KGMI (790 AM) is a commercial radio station licensed to Bellingham, Washington.  The station is owned and operated by Saga Broadcasting, dba Cascade Radio Group.  It airs a news/talk radio format.

KGMI serves Northwest Washington with a signal that reaches into much of Southwestern British Columbia, including Greater Vancouver and Victoria. The signal also reaches into Seattle's northern suburbs, as well as the Olympic Peninsula.  Its transmitter is off Yew Street Road in Bellingham.
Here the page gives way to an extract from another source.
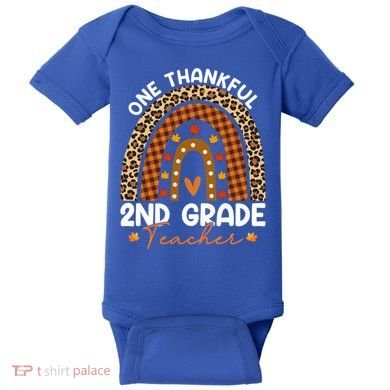 Thanksgiving Rainbow Leopard One Thankful 2nd Grade Teacher Gift Baby Bodysuit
By day, the station transmits with 5,000 watts. To protect other stations on AM 790, it reduces power at night to 1,000 watts and uses a directional antenna after sunset.  Programming is also heard on a 250-watt FM translator station, K243BX, on 96.5 MHz.

Programming
Weekdays begin with a local news and information show, the KGMI Morning News, featuring Dianna Hawryluk.  There is also a news hour during afternoon drive time, anchored by Joe Teehan.  Teehan also hosts KGMI Konnects, a live call-in show, ahead of the evening news hour.  The rest of the weekday schedule is made up of syndicated talk programs, including Hugh Hewitt, Lars Larson, Dennis Prager, John Batchelor, "Red Eye Radio," and "Coast To Coast AM."
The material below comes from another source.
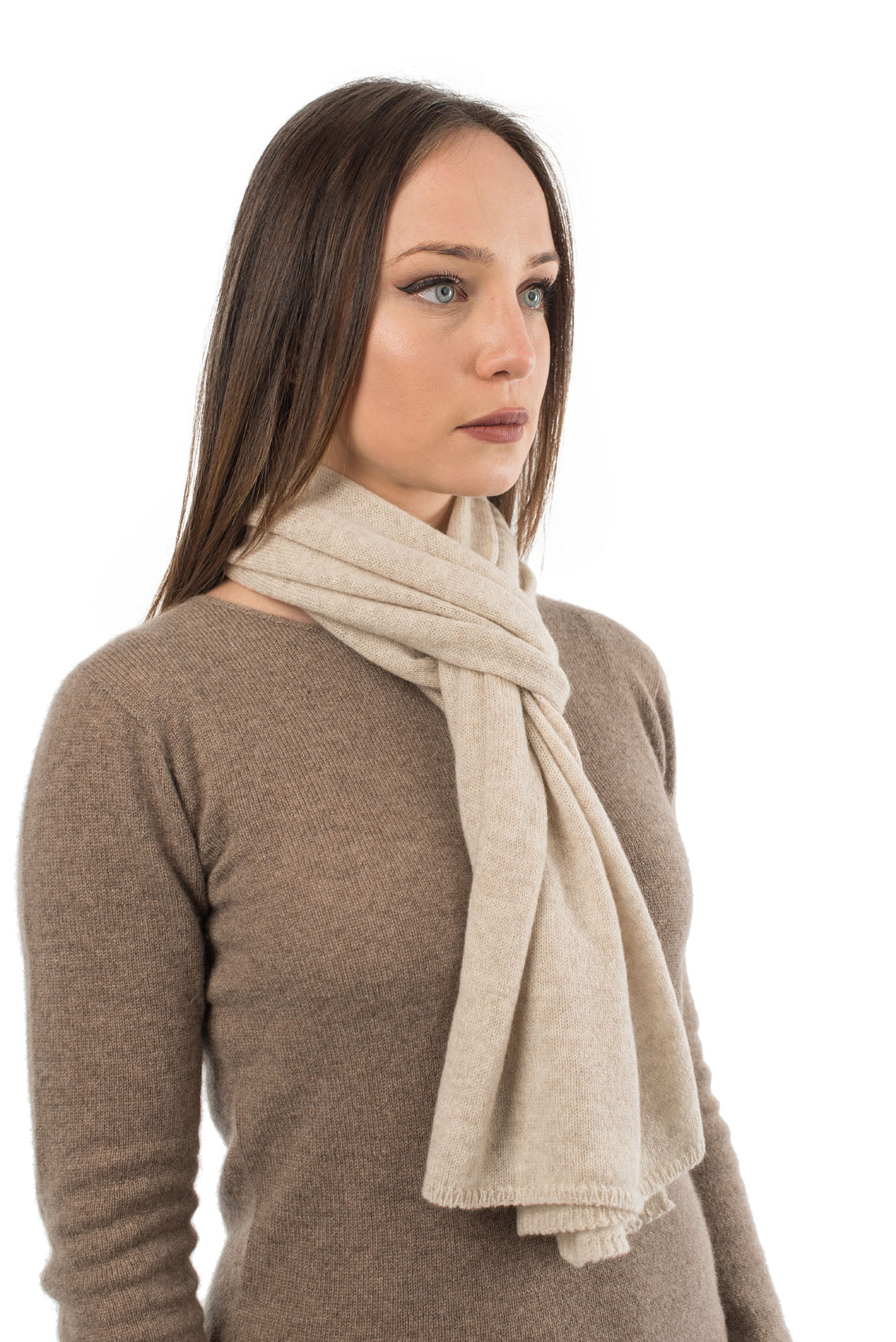 Unisex 100% cashmere scarf, colour Beige, view 2 | Dalle Piane Cashmere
Weekends feature shows on money, health, gardening, farming, car repair, home repair, real estate and technology, some of which are paid brokered programming.  Weekend syndicated shows include Kim Komando and Sebastian Gorka.  Most hours begin CBS Radio News.

History
KGMI signed on in 1926 from Seattle using the call sign KVOS, owned by Lou Kessler.  It moved to Bellingham a year later.  In 1928, Aberdeen businessman Rogan Jones bought the station.

In 1933, Jones began airing news bulletins from the Associated Press under the moniker "Newspaper of the Air."  The AP obtained a restraining order, but federal judge John Clyde Bowen refused to grant a permanent injunction, saying that news reports belong to the public.  Bowen's decision was reversed on appeal, prompting Jones to appeal to the Supreme Court.  In 1936, the Supreme Court threw out the restraining order on the grounds that since the AP was a nonprofit organization, it couldn't incur damages.  The case established that radio (and later, television) stations had the same right to news reports as newspapers.
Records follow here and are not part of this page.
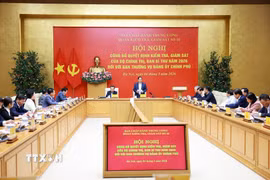 Hội nghị công bố Quyết định kiểm tra, giám sát của Bộ Chính trị, Ban Bí thư năm 2026 đối với Ban Thường vụ Đảng ủy Chính phủ. (Ảnh: Dương Giang/TTXVN)
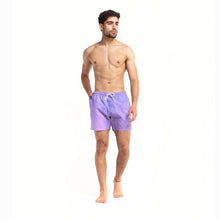 Load image into Gallery viewer, COLOUR CHANGING purple to navy (wet) and orange (heat) men&#39;s swim trunk
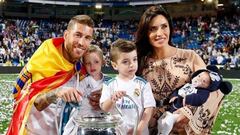 Sergio Ramos con Pilar Rubio y sus tres hijos en la celebraci&oacute;n de la 13&ordf; Champions del Real Madrid en el Santiago Bernab&eacute;u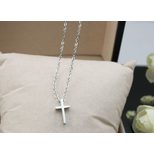 Cartier Silver Gold Small Cross Charm Necklace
The station broadcast on several different frequencies during its early years.  In 1935, it was located at AM 1200, powered at 100 watts, the only radio station between Everett and Vancouver.  In 1941, the North American Regional Broadcasting Agreement (NARBA) established new frequencies for many of the early radio stations.  KVOS moved to its current location at AM 790, powered at 250 watts.

In 1953, Jones signed on the area's first television station, KVOS-TV.  He sold it in 1962, but kept the radio station. Due to FCC rules at the time regarding separately owned stations not sharing the same call letters, the TV station remained KVOS-TV, while the radio station changed its call sign to the current KGMI.  In March 1960, Jones added an FM station at 92.9 MHz, KGMI-FM, which is now KISM.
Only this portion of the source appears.